2)napi 调度,将网卡poll函数挂载到当前cpu待执行的poll链表中,并触发软中断__raise_softirq_irqoff(NET_RX_SOFTIRQ);
收包软中断对应NET_RX_SOFTIRQ,处理函数注册如下:
open_softirq(NET_RX_SOFTIRQ, net_rx_action);
可见NET_RX_SOFTIRQ对应的处理函数为net_rx_action。
static __latent_entropy void net_rx_action(struct softirq_action *h)
{
struct softnet_data *sd = this_cpu_ptr(&softnet_data);
unsigned long time_limit = jiffies +
usecs_to_jiffies(READ_ONCE(netdev_budget_usecs));
int budget = READ_ONCE(netdev_budget);
LIST_HEAD(list);
LIST_HEAD(repoll);
start:
sd->in_net_rx_action = true; /* 设置软中断收包标志,
在触发软中断前首先判断该标志,如果正在收包则无需再触发软中断,
poll函数会轮询处理所有待处理的报文 */
local_irq_disable();
list_splice_init(&sd->poll_list, &list);
local_irq_enable();
for (;;) {
struct napi_struct *n;
skb_defer_free_flush(sd);
if (list_empty(&list)) {
if (list_empty(&repoll)) {
sd->in_net_rx_action = false;
barrier();
/* We need to check if ____napi_schedule()
* had refilled poll_list while
* sd->in_net_rx_action was true.
*/
if (!list_empty(&sd->poll_list))
goto start;
if (!sd_has_rps_ipi_waiting(sd))
goto end;
}
break;
}
/* 轮询sd->poll_list上的所有napi设备 */
n = list_first_entry(&list, struct napi_struct, poll_list);
budget -= napi_poll(n, &repoll); /* 调用poll函数从网卡驱动中读取一定数量的skb */
/* If softirq window is exhausted then punt.
* Allow this to run for 2 jiffies since which will allow
* an average latency of 1.5/HZ.
*/
if (unlikely(budget <= 0 ||
time_after_eq(jiffies, time_limit))) {
sd->time_squeeze++;
break;
}
}
local_irq_disable();
list_splice_tail_init(&sd->poll_list, &list);
list_splice_tail(&repoll, &list);
list_splice(&list, &sd->poll_list);
if (!list_empty(&sd->poll_list)) /* 如果poll list不空,表示还有skb未接收完,继续触发软中断 */
__raise_softirq_irqoff(NET_RX_SOFTIRQ);
else
sd->in_net_rx_action = false;
/* 开启本地硬中断,*/
net_rps_action_and_irq_enable(sd);
end:;
}
软中断处理的核心是调用napi_poll函数轮询拉取报文,并上送协议栈。
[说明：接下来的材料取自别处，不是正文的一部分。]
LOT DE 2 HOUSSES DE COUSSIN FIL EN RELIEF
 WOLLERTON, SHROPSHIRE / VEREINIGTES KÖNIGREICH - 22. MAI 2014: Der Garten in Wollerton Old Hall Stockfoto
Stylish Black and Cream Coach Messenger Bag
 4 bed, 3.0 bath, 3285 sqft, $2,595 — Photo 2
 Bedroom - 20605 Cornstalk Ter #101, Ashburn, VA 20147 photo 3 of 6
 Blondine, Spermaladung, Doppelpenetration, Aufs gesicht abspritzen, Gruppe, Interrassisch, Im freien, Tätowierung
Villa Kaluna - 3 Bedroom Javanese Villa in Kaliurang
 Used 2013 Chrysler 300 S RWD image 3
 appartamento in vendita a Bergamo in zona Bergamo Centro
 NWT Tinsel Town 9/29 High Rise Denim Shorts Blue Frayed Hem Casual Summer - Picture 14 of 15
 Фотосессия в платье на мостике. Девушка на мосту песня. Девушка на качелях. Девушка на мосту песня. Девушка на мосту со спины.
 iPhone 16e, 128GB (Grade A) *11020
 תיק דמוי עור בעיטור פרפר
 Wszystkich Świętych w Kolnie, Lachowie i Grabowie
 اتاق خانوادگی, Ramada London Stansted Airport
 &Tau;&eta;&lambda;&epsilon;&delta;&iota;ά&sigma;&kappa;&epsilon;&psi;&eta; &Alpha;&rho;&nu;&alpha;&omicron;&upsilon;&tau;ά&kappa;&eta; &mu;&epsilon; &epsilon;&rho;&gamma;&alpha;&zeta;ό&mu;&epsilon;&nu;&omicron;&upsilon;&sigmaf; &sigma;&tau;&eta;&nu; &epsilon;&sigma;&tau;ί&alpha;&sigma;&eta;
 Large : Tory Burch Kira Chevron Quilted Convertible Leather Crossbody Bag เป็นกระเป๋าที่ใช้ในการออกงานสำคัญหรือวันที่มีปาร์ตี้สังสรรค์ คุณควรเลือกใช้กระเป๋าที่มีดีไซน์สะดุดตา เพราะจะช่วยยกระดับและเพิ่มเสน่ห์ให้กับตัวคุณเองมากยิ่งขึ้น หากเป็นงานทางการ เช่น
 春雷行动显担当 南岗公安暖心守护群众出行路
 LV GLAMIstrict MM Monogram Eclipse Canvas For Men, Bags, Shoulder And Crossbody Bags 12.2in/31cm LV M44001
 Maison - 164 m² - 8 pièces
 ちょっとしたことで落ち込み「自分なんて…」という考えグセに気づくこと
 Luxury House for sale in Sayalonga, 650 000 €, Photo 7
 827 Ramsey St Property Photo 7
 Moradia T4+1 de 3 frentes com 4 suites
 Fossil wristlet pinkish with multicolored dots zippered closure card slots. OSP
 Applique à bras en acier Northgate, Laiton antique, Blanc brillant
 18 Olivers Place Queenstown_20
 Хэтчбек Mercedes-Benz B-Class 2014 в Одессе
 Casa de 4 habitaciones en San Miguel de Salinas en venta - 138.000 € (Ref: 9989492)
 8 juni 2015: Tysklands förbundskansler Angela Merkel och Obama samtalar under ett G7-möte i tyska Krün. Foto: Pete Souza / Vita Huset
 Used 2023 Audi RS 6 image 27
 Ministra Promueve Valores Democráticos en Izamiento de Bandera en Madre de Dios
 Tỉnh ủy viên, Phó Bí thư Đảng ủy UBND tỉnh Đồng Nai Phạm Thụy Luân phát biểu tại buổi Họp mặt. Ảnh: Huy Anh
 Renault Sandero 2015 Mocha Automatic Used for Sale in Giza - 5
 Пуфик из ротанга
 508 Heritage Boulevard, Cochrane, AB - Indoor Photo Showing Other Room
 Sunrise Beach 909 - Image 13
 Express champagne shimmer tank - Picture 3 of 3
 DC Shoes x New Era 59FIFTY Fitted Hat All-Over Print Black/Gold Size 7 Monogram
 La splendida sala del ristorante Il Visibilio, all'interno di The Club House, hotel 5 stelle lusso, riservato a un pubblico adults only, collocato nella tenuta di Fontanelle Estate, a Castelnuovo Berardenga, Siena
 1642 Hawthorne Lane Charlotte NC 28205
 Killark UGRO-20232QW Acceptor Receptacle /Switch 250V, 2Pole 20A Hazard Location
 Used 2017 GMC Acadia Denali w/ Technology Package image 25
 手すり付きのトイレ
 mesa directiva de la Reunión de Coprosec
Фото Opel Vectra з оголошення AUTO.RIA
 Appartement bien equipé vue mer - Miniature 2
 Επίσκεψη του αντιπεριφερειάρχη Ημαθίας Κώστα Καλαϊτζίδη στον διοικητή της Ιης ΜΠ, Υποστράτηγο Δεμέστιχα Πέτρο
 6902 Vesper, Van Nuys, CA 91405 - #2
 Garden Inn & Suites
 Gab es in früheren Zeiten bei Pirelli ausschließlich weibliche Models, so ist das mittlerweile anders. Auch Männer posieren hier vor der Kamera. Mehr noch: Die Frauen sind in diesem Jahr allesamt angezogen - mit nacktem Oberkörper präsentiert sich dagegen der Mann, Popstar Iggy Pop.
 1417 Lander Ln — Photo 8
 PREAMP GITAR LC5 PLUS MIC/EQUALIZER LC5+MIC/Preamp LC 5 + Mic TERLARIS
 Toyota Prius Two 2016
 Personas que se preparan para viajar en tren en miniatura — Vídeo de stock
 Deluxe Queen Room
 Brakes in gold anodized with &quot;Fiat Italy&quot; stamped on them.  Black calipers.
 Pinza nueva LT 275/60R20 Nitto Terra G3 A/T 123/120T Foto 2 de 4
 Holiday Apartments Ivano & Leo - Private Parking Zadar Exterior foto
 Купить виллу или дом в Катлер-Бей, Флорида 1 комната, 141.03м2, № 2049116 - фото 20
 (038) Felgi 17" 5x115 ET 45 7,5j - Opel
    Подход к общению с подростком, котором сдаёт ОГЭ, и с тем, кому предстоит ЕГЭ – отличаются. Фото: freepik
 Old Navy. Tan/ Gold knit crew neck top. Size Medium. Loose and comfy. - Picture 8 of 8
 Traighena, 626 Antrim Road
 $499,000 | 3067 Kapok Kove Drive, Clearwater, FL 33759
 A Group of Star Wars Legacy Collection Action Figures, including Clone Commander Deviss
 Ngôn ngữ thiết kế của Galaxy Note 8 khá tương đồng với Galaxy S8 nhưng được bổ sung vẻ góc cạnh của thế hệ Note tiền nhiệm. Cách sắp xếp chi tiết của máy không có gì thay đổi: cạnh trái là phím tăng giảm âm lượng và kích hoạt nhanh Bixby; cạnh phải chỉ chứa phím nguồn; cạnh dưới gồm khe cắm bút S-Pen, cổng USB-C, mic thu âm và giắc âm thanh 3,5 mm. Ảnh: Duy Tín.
具体逻辑如下:
static int __napi_poll(struct napi_struct *n, bool *repoll)
{
int work, weight;
weight = n->weight; /* 表示一次软中断可以处理报文的个数最大数值 */
/* This NAPI_STATE_SCHED test is for avoiding a race
* with netpoll's poll_napi(). Only the entity which
* obtains the lock and sees NAPI_STATE_SCHED set will
* actually make the ->poll() call. Therefore we avoid
* accidentally calling ->poll() when NAPI is not scheduled.
*/
work = 0;
/* 判断napi可调度状态位,若NAPI_STATE_SCHED置位则调用对应的poll函数,对于napi设备对应
网卡提供的poll函数,以e100_poll为例,对应e100_poll,非NAPI函数对应process_backlog */
if (test_bit(NAPI_STATE_SCHED, &n->state)) {
work = n->poll(n, weight);
trace_napi_poll(n, work, weight);
}
if (unlikely(work > weight))
netdev_err_once(n->dev, "NAPI poll function %pS returned %d, exceeding its budget of %d.\n",
n->poll, work, weight);
if (likely(work < weight))
return work;
/* Drivers must not modify the NAPI state if they
* consume the entire weight. In such cases this code
* still "owns" the NAPI instance and therefore can
* move the instance around on the list at-will.
*/
if (unlikely(napi_disable_pending(n))) {
napi_complete(n);
return work;
}
/* The NAPI context has more processing work, but busy-polling
* is preferred. Exit early.
*/
if (napi_prefer_busy_poll(n)) {
if (napi_complete_done(n, work)) {
/* If timeout is not set, we need to make sure
* that the NAPI is re-scheduled.
*/
napi_schedule(n);
}
return work;
}
if (n->gro_bitmask) {
/* flush too old packets
* If HZ < 1000, flush all packets.
*/
napi_gro_flush(n, HZ >= 1000);
}
/* 将接收报文上送协议栈 */
gro_normal_list(n);
/* Some drivers may have called napi_schedule
* prior to exhausting their budget.
*/
if (unlikely(!list_empty(&n->poll_list))) {
pr_warn_once("%s: Budget exhausted after napi rescheduled\n",
n->dev ? n->dev->name : "backlog");
return work;
}
*repoll = true;
return work;
}
e100对应处理函数为e100_poll,处理逻辑如下:
static int e100_poll(struct napi_struct *napi, int budget)
{
struct nic *nic = container_of(napi, struct nic, napi);
unsigned int work_done = 0;
e100_rx_clean(nic, &work_done, budget);
e100_tx_clean(nic);
/* If budget fully consumed, continue polling */
if (work_done == budget)
return budget;
/* only re-enable interrupt if stack agrees polling is really done */
if (likely(napi_complete_done(napi, work_done)))
e100_enable_irq(nic);
return work_done;
}
其中和收包相关的处理为:e100_rx_clean,通过dma技术将报文直接从网卡内存缓冲区拉取报文到网卡的rx->list(事先分配好的内存区域,即常说的ring_buffer)。
报文上送协议栈函数调用过程如下:
至此,网卡收包的处理过程已基本结束,很多地方可能不够细节,待后续完善补充,希望能和大家一起交流学习。